:: The task ::
Give back all the records exactly, keeping every line whole.

━━━━

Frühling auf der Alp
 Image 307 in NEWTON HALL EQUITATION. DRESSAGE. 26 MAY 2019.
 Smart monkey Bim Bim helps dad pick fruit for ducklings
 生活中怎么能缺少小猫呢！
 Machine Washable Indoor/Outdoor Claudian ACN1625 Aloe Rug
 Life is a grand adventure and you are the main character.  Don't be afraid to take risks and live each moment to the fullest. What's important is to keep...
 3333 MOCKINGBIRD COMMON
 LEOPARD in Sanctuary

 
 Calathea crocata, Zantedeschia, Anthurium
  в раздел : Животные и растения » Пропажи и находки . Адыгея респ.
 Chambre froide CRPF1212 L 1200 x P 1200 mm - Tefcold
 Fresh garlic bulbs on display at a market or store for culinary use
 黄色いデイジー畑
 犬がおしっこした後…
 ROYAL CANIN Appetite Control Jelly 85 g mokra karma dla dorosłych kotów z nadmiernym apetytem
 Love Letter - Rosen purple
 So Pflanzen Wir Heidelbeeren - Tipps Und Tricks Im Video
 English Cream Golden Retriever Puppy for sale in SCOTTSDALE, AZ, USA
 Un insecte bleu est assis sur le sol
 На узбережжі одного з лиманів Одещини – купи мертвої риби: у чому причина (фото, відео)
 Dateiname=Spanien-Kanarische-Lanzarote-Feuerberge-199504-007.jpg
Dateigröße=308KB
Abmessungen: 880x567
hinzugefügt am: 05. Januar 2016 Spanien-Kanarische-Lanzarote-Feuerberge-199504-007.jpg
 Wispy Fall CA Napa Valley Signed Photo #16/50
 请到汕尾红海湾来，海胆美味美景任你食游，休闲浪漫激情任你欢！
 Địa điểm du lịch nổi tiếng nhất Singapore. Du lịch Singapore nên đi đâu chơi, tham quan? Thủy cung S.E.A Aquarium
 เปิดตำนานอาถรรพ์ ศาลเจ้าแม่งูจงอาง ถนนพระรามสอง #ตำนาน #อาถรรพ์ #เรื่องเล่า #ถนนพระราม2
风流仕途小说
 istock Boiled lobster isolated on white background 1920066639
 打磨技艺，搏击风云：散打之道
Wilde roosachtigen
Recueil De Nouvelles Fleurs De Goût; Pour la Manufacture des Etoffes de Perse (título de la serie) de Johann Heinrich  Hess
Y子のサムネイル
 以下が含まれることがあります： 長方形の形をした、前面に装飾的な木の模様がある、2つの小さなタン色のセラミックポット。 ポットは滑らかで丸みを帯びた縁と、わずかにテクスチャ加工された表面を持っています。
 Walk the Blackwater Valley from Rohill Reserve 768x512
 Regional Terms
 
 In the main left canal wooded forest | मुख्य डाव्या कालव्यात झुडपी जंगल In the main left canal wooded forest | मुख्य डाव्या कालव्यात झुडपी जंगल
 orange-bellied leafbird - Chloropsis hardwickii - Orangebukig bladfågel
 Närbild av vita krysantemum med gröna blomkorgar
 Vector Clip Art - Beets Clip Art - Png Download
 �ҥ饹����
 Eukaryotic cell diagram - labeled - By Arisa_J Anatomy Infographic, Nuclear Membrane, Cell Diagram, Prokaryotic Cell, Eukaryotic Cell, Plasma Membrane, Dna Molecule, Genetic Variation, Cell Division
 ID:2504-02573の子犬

━━━━

:: Answer ::
Frühling auf der Alp
 Image 307 in NEWTON HALL EQUITATION. DRESSAGE. 26 MAY 2019.
 Smart monkey Bim Bim helps dad pick fruit for ducklings
 生活中怎么能缺少小猫呢！
 Machine Washable Indoor/Outdoor Claudian ACN1625 Aloe Rug
 Life is a grand adventure and you are the main character.  Don't be afraid to take risks and live each moment to the fullest. What's important is to keep...
 3333 MOCKINGBIRD COMMON
 LEOPARD in Sanctuary

 
 Calathea crocata, Zantedeschia, Anthurium
  в раздел : Животные и растения » Пропажи и находки . Адыгея респ.
 Chambre froide CRPF1212 L 1200 x P 1200 mm - Tefcold
 Fresh garlic bulbs on display at a market or store for culinary use
 黄色いデイジー畑
 犬がおしっこした後…
 ROYAL CANIN Appetite Control Jelly 85 g mokra karma dla dorosłych kotów z nadmiernym apetytem
 Love Letter - Rosen purple
 So Pflanzen Wir Heidelbeeren - Tipps Und Tricks Im Video
 English Cream Golden Retriever Puppy for sale in SCOTTSDALE, AZ, USA
 Un insecte bleu est assis sur le sol
 На узбережжі одного з лиманів Одещини – купи мертвої риби: у чому причина (фото, відео)
 Dateiname=Spanien-Kanarische-Lanzarote-Feuerberge-199504-007.jpg
Dateigröße=308KB
Abmessungen: 880x567
hinzugefügt am: 05. Januar 2016 Spanien-Kanarische-Lanzarote-Feuerberge-199504-007.jpg
 Wispy Fall CA Napa Valley Signed Photo #16/50
 请到汕尾红海湾来，海胆美味美景任你食游，休闲浪漫激情任你欢！
 Địa điểm du lịch nổi tiếng nhất Singapore. Du lịch Singapore nên đi đâu chơi, tham quan? Thủy cung S.E.A Aquarium
 เปิดตำนานอาถรรพ์ ศาลเจ้าแม่งูจงอาง ถนนพระรามสอง #ตำนาน #อาถรรพ์ #เรื่องเล่า #ถนนพระราม2
风流仕途小说
 istock Boiled lobster isolated on white background 1920066639
 打磨技艺，搏击风云：散打之道
Wilde roosachtigen
Recueil De Nouvelles Fleurs De Goût; Pour la Manufacture des Etoffes de Perse (título de la serie) de Johann Heinrich  Hess
Y子のサムネイル
 以下が含まれることがあります： 長方形の形をした、前面に装飾的な木の模様がある、2つの小さなタン色のセラミックポット。 ポットは滑らかで丸みを帯びた縁と、わずかにテクスチャ加工された表面を持っています。
 Walk the Blackwater Valley from Rohill Reserve 768x512
 Regional Terms
 
 In the main left canal wooded forest | मुख्य डाव्या कालव्यात झुडपी जंगल In the main left canal wooded forest | मुख्य डाव्या कालव्यात झुडपी जंगल
 orange-bellied leafbird - Chloropsis hardwickii - Orangebukig bladfågel
 Närbild av vita krysantemum med gröna blomkorgar
 Vector Clip Art - Beets Clip Art - Png Download
 �ҥ饹����
 Eukaryotic cell diagram - labeled - By Arisa_J Anatomy Infographic, Nuclear Membrane, Cell Diagram, Prokaryotic Cell, Eukaryotic Cell, Plasma Membrane, Dna Molecule, Genetic Variation, Cell Division
 ID:2504-02573の子犬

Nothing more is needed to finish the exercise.